In the 2018 men's soccer World Cup, the England team finished in fourth place. That's not too shabby, but what really surprised and delighted fans was the players' gentlemanly behavior and exemplary teamwork throughout the tournament.
Their smartly dressed, mild-mannered manager, Gareth Southgate, presented a public-facing embodiment of this change. But behind the scenes was another key player, Dr Pippa Grange, who helped the players understand and deal with their fear.
Grange is a performance psychologist by profession, but prefers the term "culture coach," because she helps people perform better in their particular cultural context. That might be an executive in a multinational firm, a team of volunteers in a community organization, or a tennis star on tour.
She laid out her approach in her 2020 book, "Fear Less, How to Win at Life Without Losing Yourself."
Grange identifies two types of fear that we all experience. The first is "in the moment" fear, like when you have to perform in front of an audience. The second is "not good enough" fear, which is bigger and broader, and takes much longer to control.
The second type of fear often manifests itself as perfectionism, jealousy or self-criticism, which can cripple our ability to achieve our goals and live fulfilling lives. Grange's remedy for "not good enough" fear is in three steps: see, face, replace.
Here's how it works, using a hypothetical example.
Let's say I've volunteered to research and write a report exploring a potential new market for my company. The task seemed totally doable at the start, but now I'm paralyzed. The scope of the report is overwhelming, and so much rides on getting it right.
Now the critical internal voices set in. "You're an idiot to take this on," they say. "You don't have the skills or smarts to get a handle on a completely new market. Who do you think you are, thinking you could do this? Charlatan!"
To get unstuck, my first step is to recognize that what I'm experiencing is "fear showing up," Grange says. I'm scared of failing professionally and of what that might mean for my career.
But how scared am I? And why? Grange offers an unusual and vivid tip here. I need to describe what my fear actually looks like – not the sweaty, grimacing reflection in the mirror, but something out of my imagination. I think carefully and my fear forms into the image of a big black bull, shaking its head, pawing the ground.
"An image has texture and tone that maybe language doesn't always," says Grange. "It's really a way of allowing more descriptive material, more of the unconscious and the tone of things, to come through in what somebody is sharing."
The more detail I put on my image, the more I understand my fear. I see that the bull is tied up in a large empty paddock. It's covered in mud and flies are circling, driving it crazy. Dark storm clouds are gathering overhead. I deduce that my fear is heavy and unpredictable, and exacerbated by forces beyond my control.
Once I have "seen" my fear, I need to face it.
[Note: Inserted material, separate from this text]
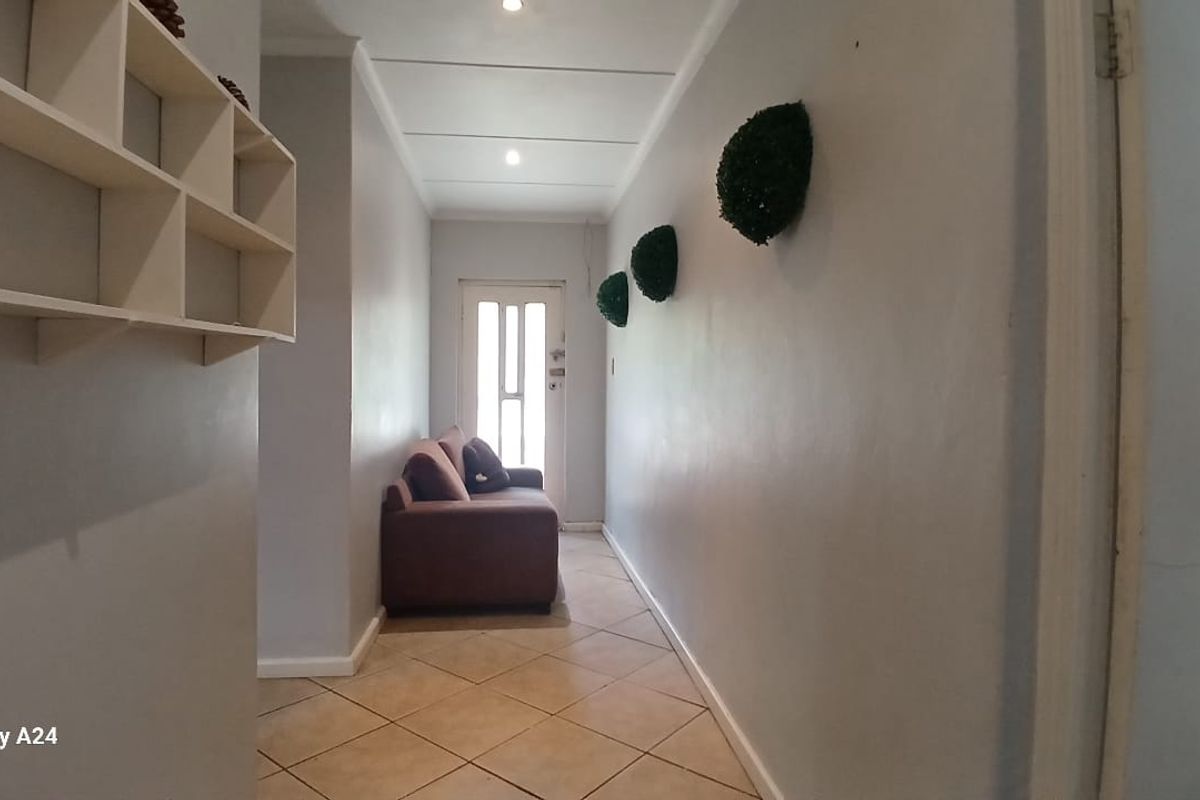 Spacious 4-Bedroom Home with Flatlet & Prime Location in Vincent - Photo 5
This is the second step in the process – when we take the insight we've learned from the image exercise and apply it to our real-life situation.
I realize that I can harness the power of the bull. I can calm it down, clean it up, and put it to work in my favor. And that will require the third step in the process: replace.
In her book, Grange says we can replace our fear with a number of things, including laughter, passion and purpose. One of the most effective replacements is "a different story."
"Narratives inform us in extraordinarily dramatic ways, and I feel that perhaps we don't realize how often we have the pen in our own hand around those narratives," she says. "We can't always change our own circumstances, but we certainly can change the way that we tell the story of those circumstances. And that is profoundly powerful because it's stories that run our lives."
So I'm going to change the narrative that's hindering my progress. It told a story of someone unqualified and out of her depth, foolishly taking on a project she couldn't deliver.
My new story is full of hope and possibility. Driving it forward is a capable, organized professional, seizing the opportunity to bring her unique skills and focus to a project that can help both her and her company grow and flourish. That certainly feels a lot better!
Whatever your "not good enough" fear, Grange says, working through it takes time – potentially years.
"Be kind to yourself," she counsels. "Be prepared to go on a journey. It's worth it."